Figures

The word "figure" derives from the Latin language; it can be abbreviated as "fig." or symbolized by the Greek letter "φ", which refers to the figure. It can be a symbol of luminous flux as well as a golden ratio. Książek uses this ambiguity as the starting point for his new series of paintings entitled "Figures."

Paweł Książek is a painter – an analyst. His paintings are a result of a process of research. In the "Figures" series, the collected raw materials include photographs depicting different phenomena or people coming from visual arts, pop culture, movies, or the internet. Książek then classifies and processes them through the medium of painting. In this way, Książek directly refers to the methodology developed by Aby Warburg, based on building iconographic atlases and their comparative analysis.

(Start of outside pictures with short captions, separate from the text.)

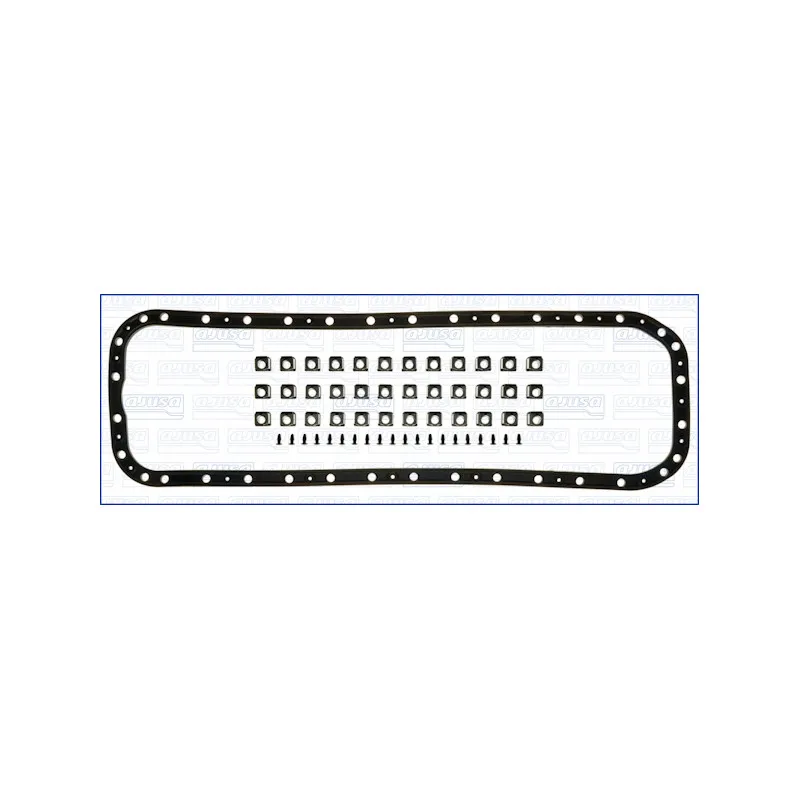 Jeu de joints d'étanchéité, carter d'huile AJUSA 59013000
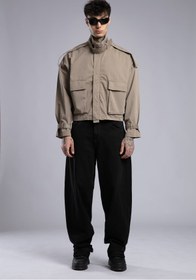 Resim Bomber Ceket 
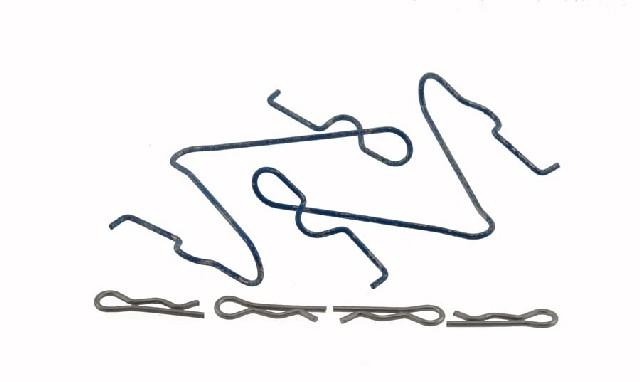 Carlson 13033 Disc Brake Hardware Kit product image 1 of 1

Figures is a series of portraits of women. Each one of the paintings includes the abbreviation "fig." in the title and an ordinal number. The artist states: "This series is my next project relating to the creation of an alternative history of obsessive collecting. I am building an architecture of emotion based on several canons of aesthetic and visual material sources. I do not portray people, but rather create a collection of emotional states". Once again, Książek is reaching out to the traditions of early cinema, searching for a heroine with a distinctive type of beauty: thin lips, sparse eyebrows, and rounded cheeks. Silvia Sidney, one of Fritz Lang's favorite actresses, possessed these very features. In black and white films, these actresses resemble porcelain dolls or wax sculptures, almost unreal. When changing the medium to painting, these faces suddenly seem to gain life.